"""
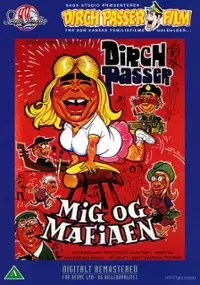 Plakat filmu Mig og mafiaen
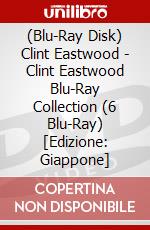 (Blu-Ray Disk) Clint Eastwood - Clint Eastwood Blu-Ray Collection (6 Blu-Ray) [Edizione: Giappone] brd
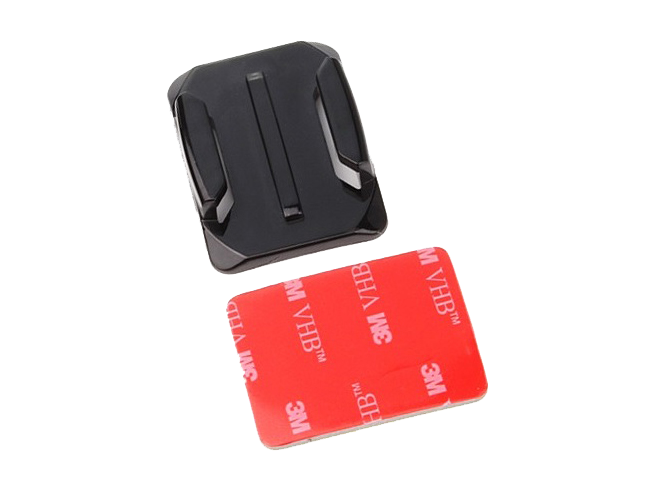 Adhesive Helmet Mount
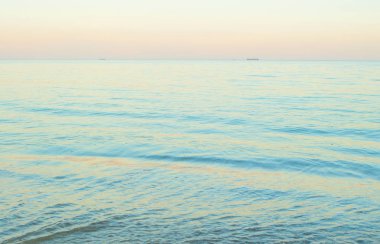 Beautifu deniz manzarası arka plan.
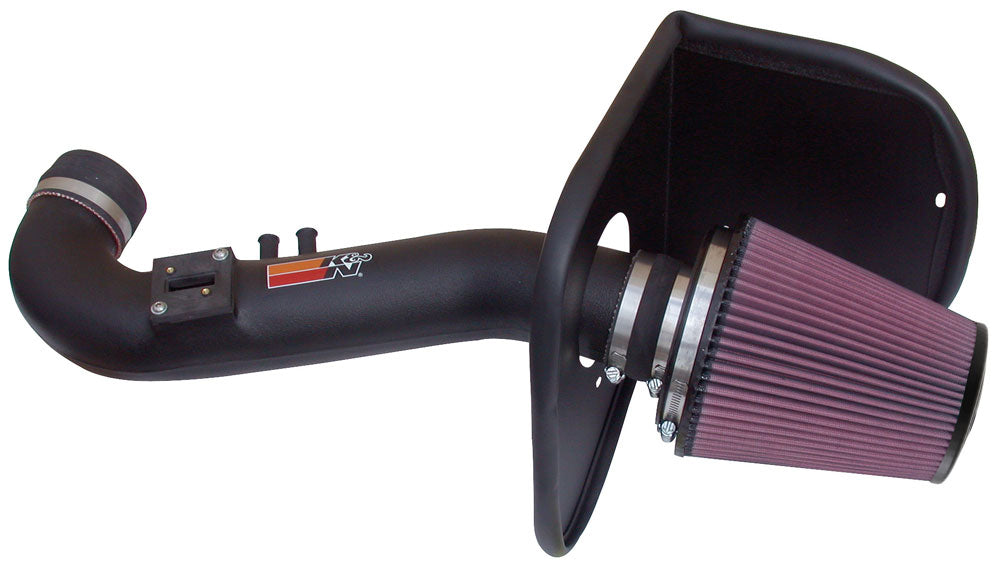 K&N 57-6012 Performance Air Intake System for Select INFINITI QX56, Nissan Armada, Nissan Pathfinder Armada, Nissan TITAN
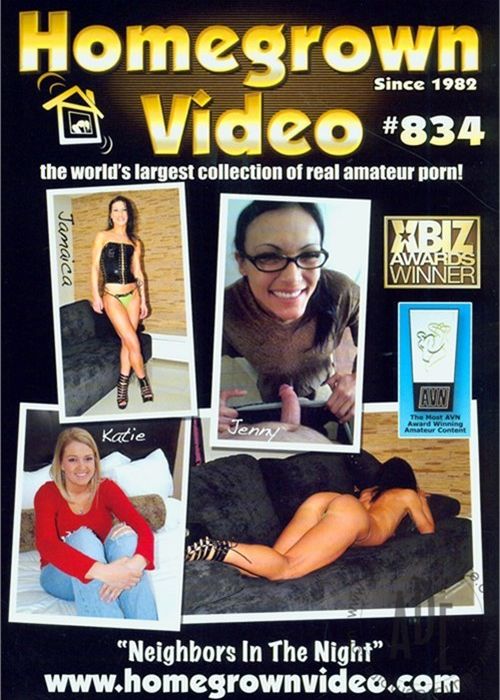 Homegrown Video 834 cover
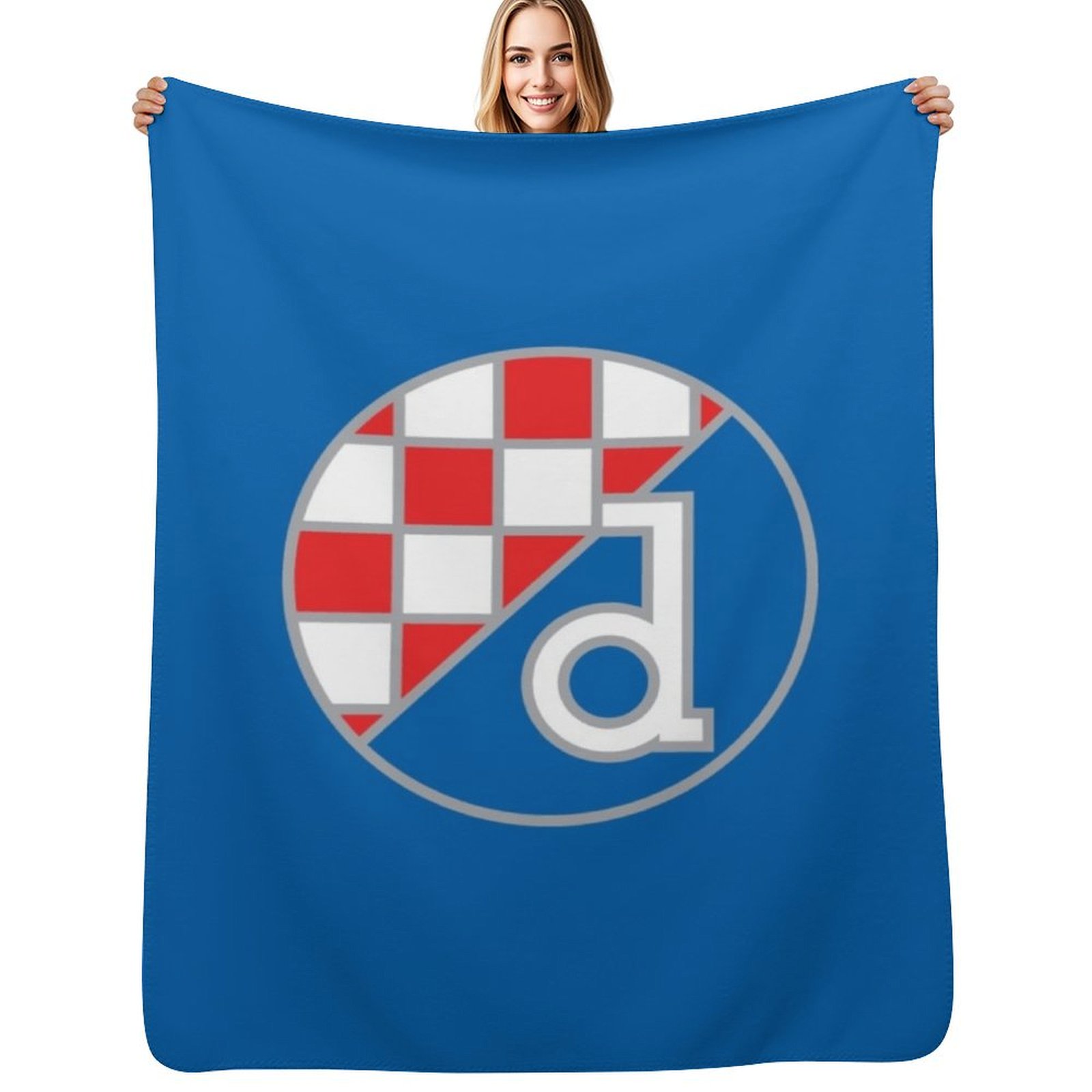 Home Decor Zagreb - Cobertor Dinamo Zagreb Football Club, cobertor
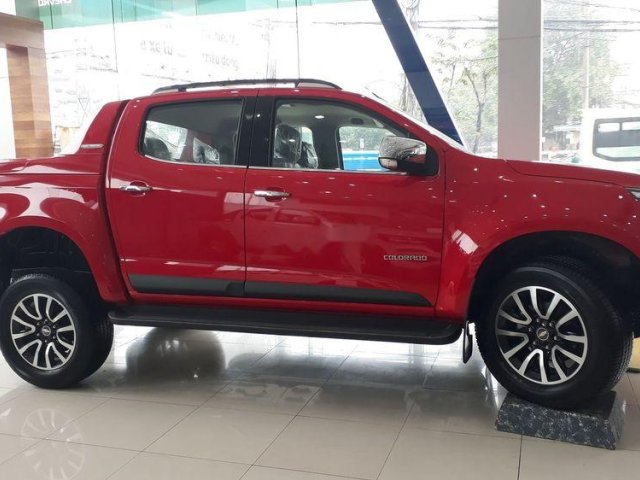 Bán Chevrolet Colorado 2019, màu đỏ, nhập khẩu  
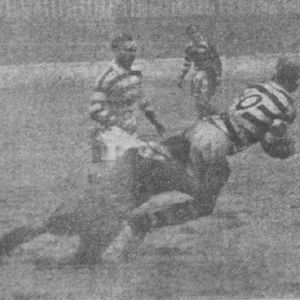 Oldham v Hull FC, 29 March 1947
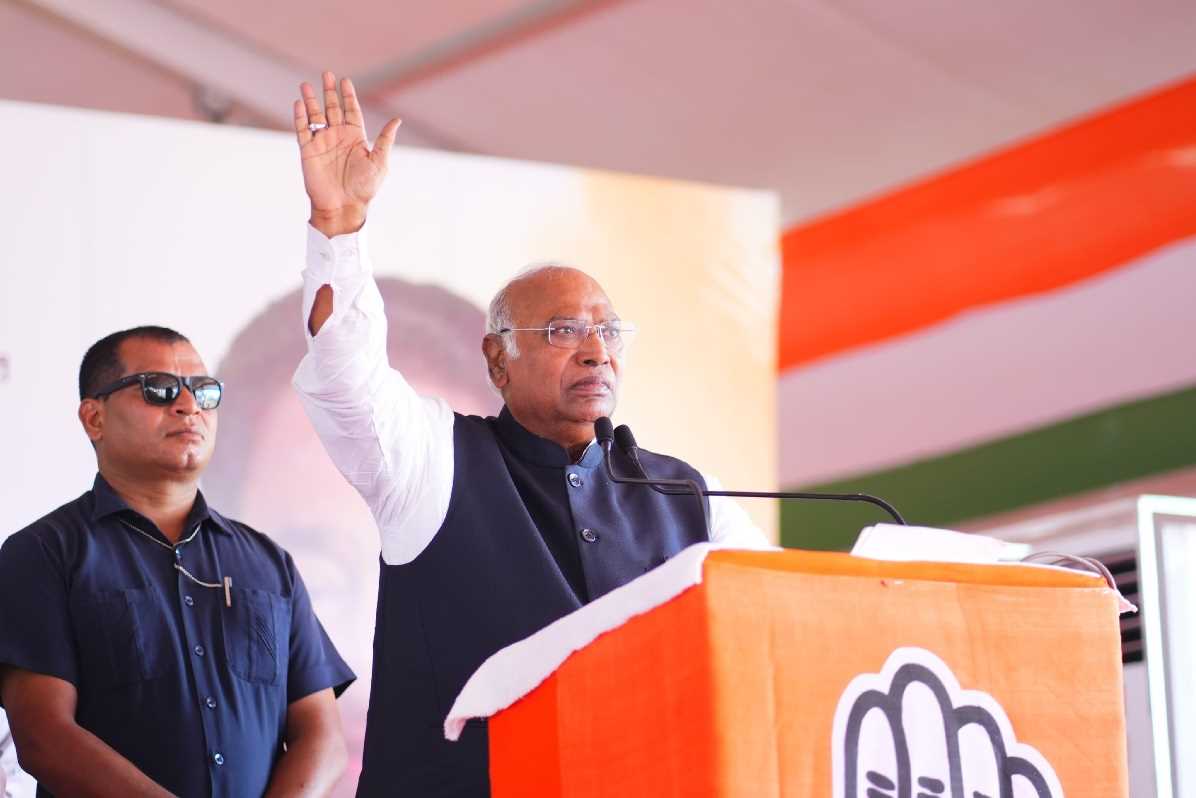 खड़गे ने ED-CBI-IT को बताया BJP की सेना खड़गे ने ED-CBI-IT को बताया BJP की सेना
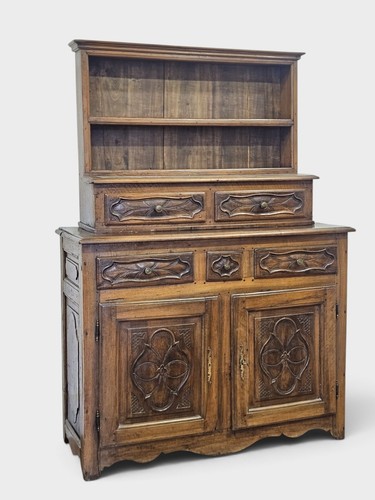 Credenza piemontese noce - piemontese, in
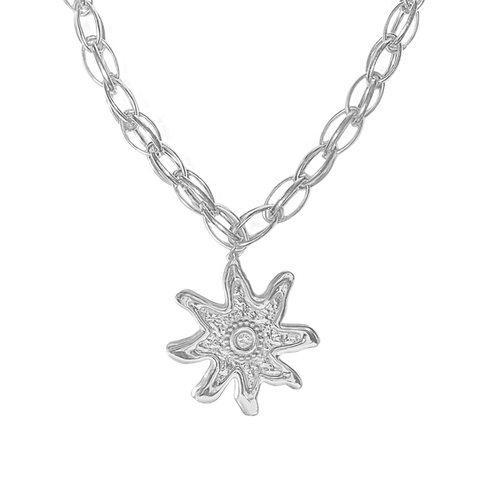 Aria Necklace STERLING SILVER PLATED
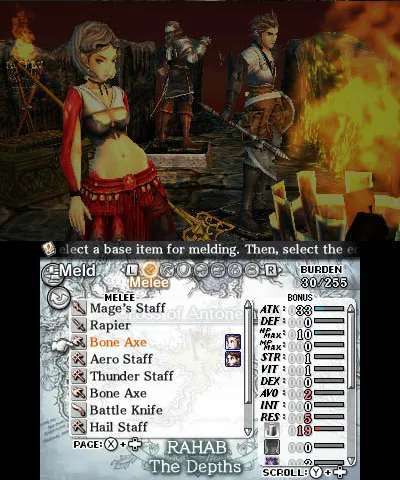 Stripping Down To The Bare RPG Essentials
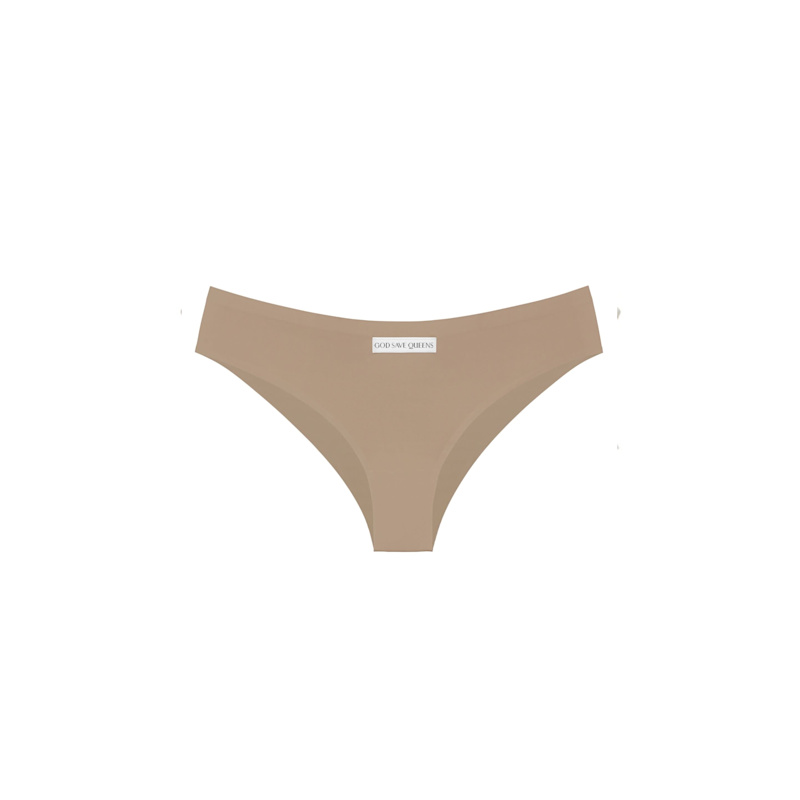 Thumbnail of Second Skin Brief Mocha image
"""
→ **EXERCISE**
Retype each line above precisely, please. Skip anything that is a picture.

→ **FINISHED TASK**
 Plakat filmu Mig og mafiaen
 (Blu-Ray Disk) Clint Eastwood - Clint Eastwood Blu-Ray Collection (6 Blu-Ray) [Edizione: Giappone] brd
 Adhesive Helmet Mount
 Beautifu deniz manzarası arka plan.
 K&N 57-6012 Performance Air Intake System for Select INFINITI QX56, Nissan Armada, Nissan Pathfinder Armada, Nissan TITAN
 Homegrown Video 834 cover
 Home Decor Zagreb - Cobertor Dinamo Zagreb Football Club, cobertor
 Bán Chevrolet Colorado 2019, màu đỏ, nhập khẩu  
 Oldham v Hull FC, 29 March 1947
 खड़गे ने ED-CBI-IT को बताया BJP की सेना खड़गे ने ED-CBI-IT को बताया BJP की सेना
 Credenza piemontese noce - piemontese, in
 Aria Necklace STERLING SILVER PLATED
 Stripping Down To The Bare RPG Essentials
 Thumbnail of Second Skin Brief Mocha image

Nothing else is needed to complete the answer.